Task material: Begin
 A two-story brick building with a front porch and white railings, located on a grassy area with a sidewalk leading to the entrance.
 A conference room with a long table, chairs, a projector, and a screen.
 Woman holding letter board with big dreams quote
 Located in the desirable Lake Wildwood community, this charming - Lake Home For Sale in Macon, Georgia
Task material: End
Task material: Begin
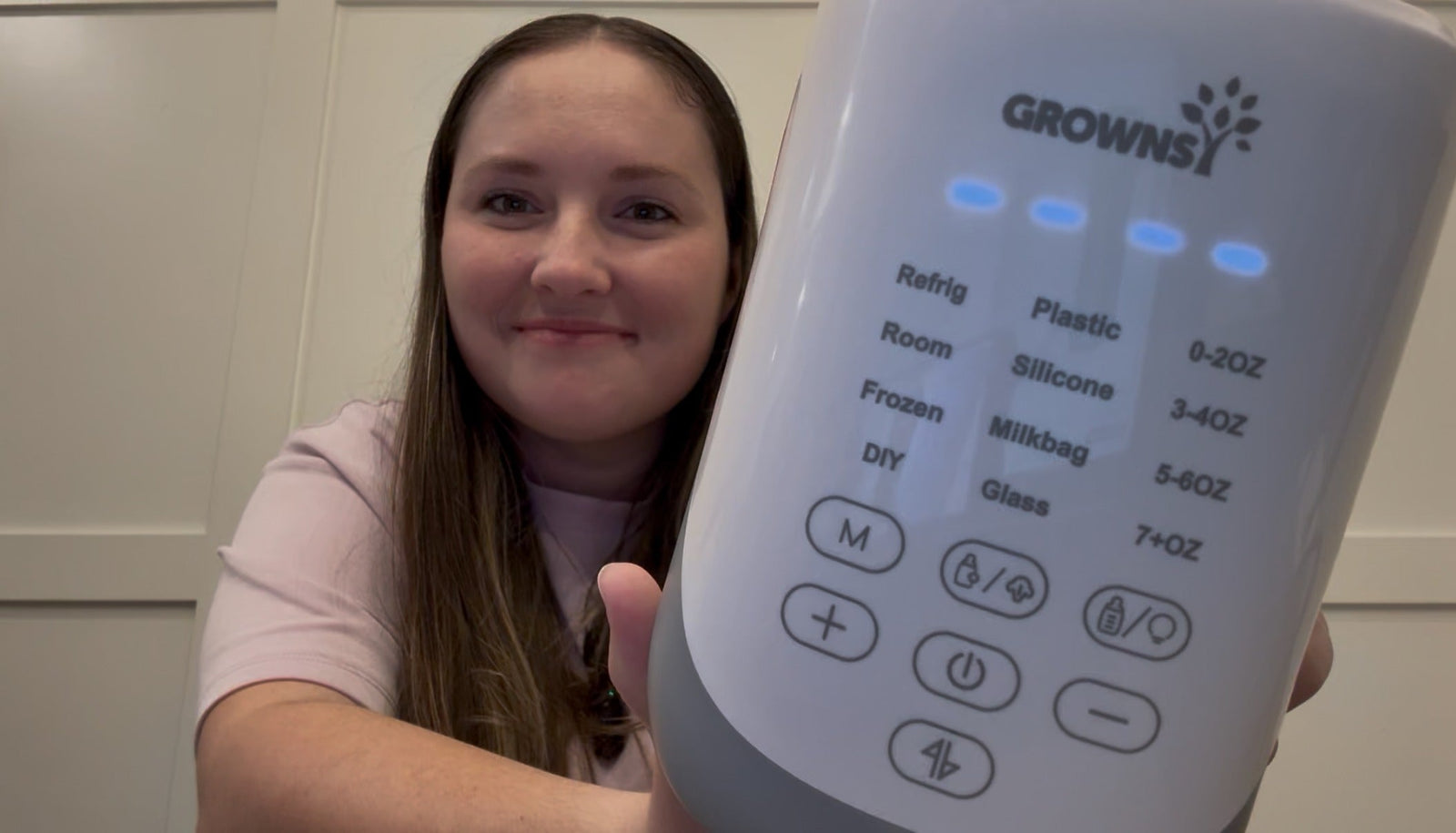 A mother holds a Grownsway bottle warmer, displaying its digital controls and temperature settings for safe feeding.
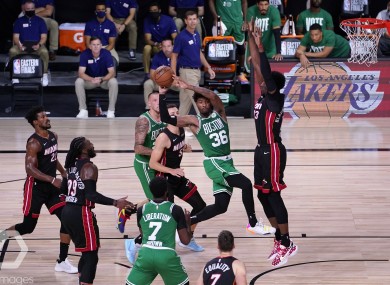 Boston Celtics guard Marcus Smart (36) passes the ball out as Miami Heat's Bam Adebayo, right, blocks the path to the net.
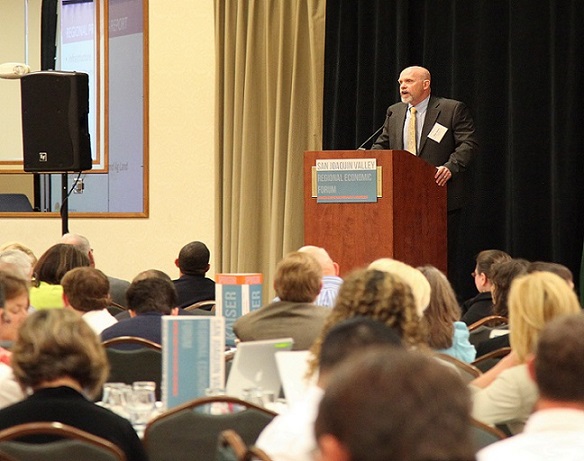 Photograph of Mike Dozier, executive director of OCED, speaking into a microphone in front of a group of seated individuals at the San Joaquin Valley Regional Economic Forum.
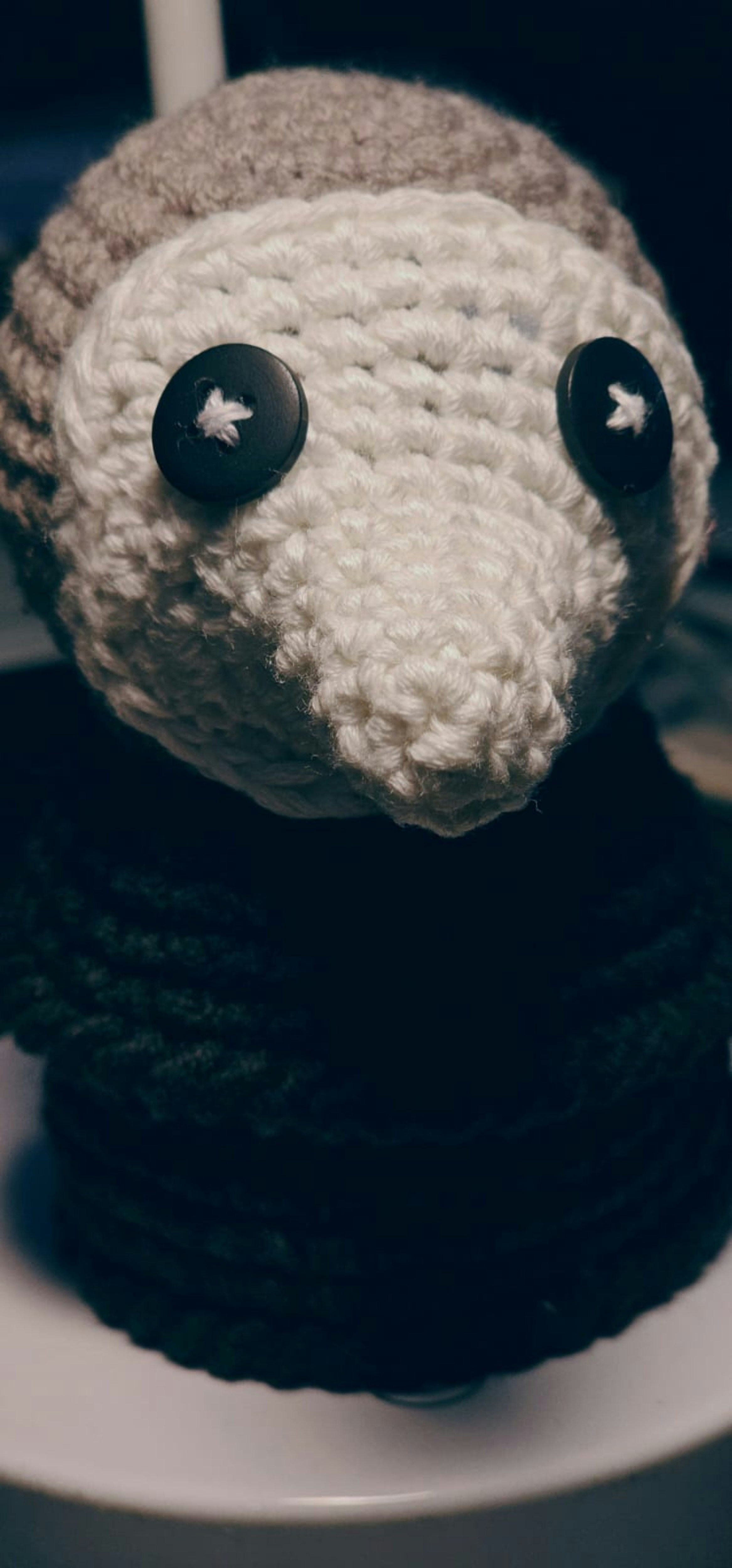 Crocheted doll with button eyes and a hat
Task material: End
Task material: Begin
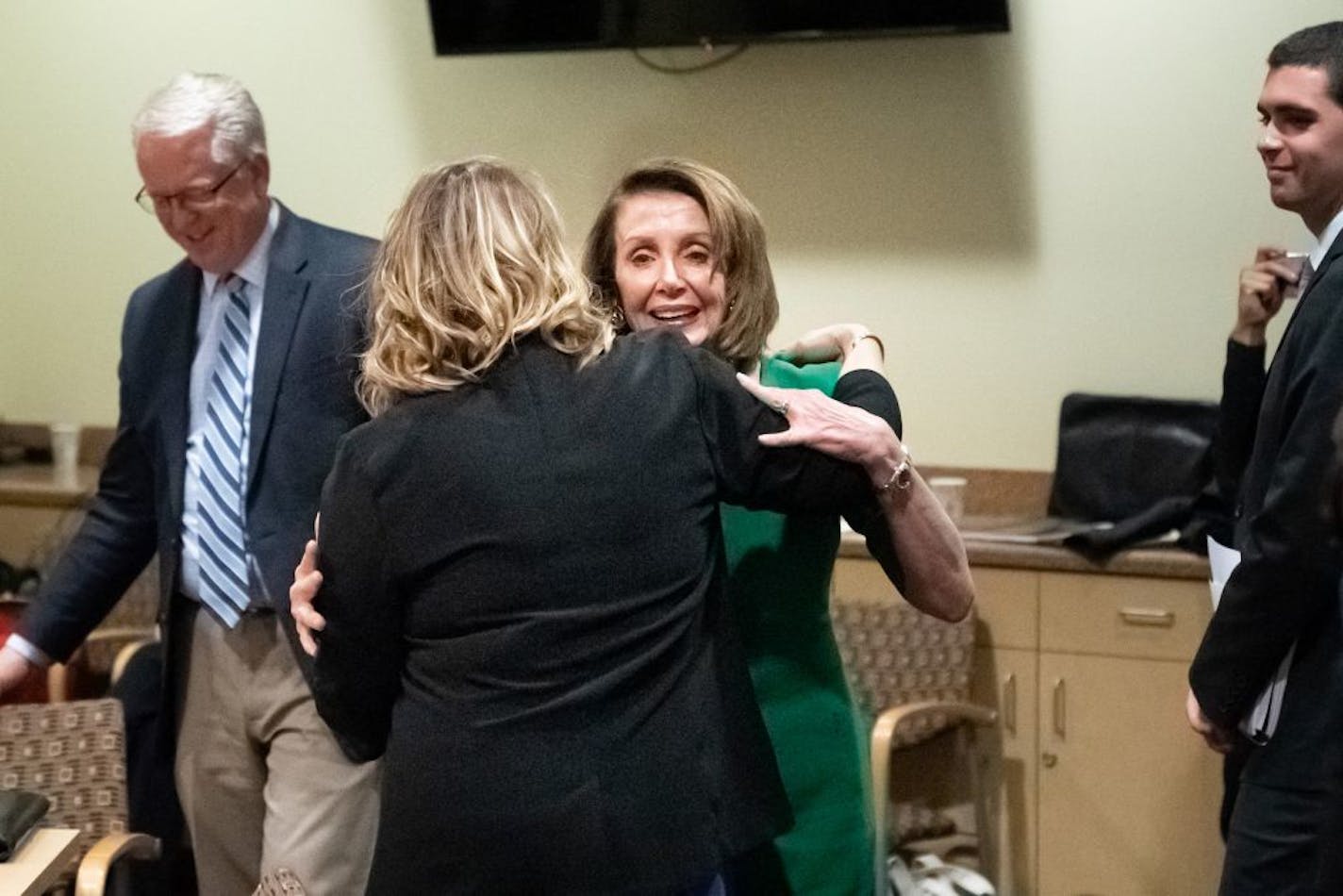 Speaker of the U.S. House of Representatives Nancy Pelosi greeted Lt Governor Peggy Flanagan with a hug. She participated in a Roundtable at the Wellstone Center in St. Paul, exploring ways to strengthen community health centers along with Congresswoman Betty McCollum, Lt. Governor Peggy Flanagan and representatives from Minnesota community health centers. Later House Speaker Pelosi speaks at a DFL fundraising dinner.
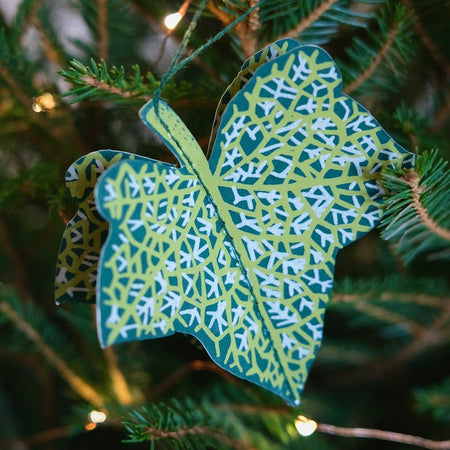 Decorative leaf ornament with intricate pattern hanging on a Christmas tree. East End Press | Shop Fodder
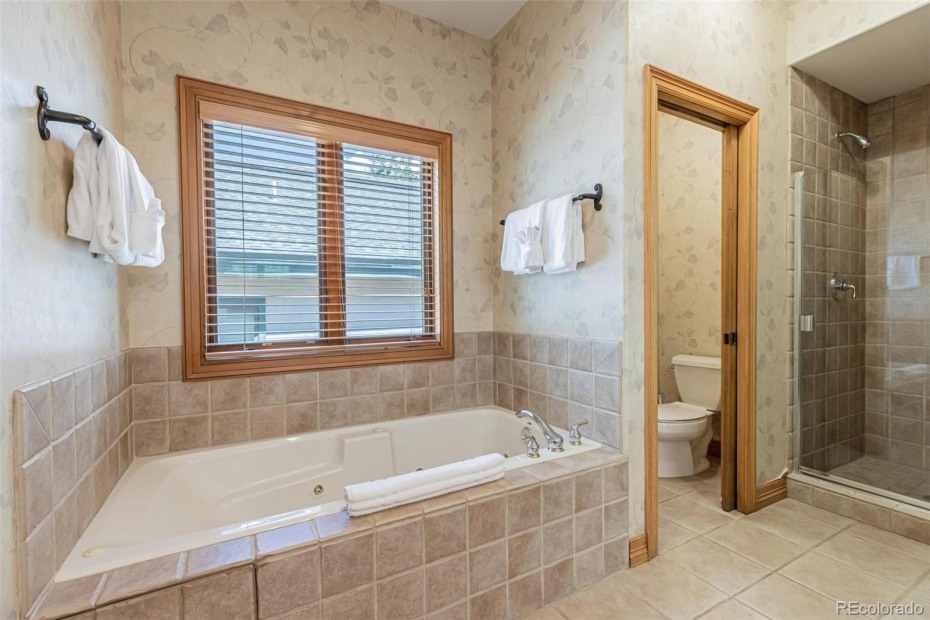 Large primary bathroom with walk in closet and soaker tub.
Task material: End
§ **Problem**
Reproduce verbatim only the segment of the listing bounded by the line containing "A two-story brick" and the line containing "Located in the", with both boundary lines included.

§ **Solution to the exercise**
 A two-story brick building with a front porch and white railings, located on a grassy area with a sidewalk leading to the entrance.
 A conference room with a long table, chairs, a projector, and a screen.
 Woman holding letter board with big dreams quote
 Located in the desirable Lake Wildwood community, this charming - Lake Home For Sale in Macon, Georgia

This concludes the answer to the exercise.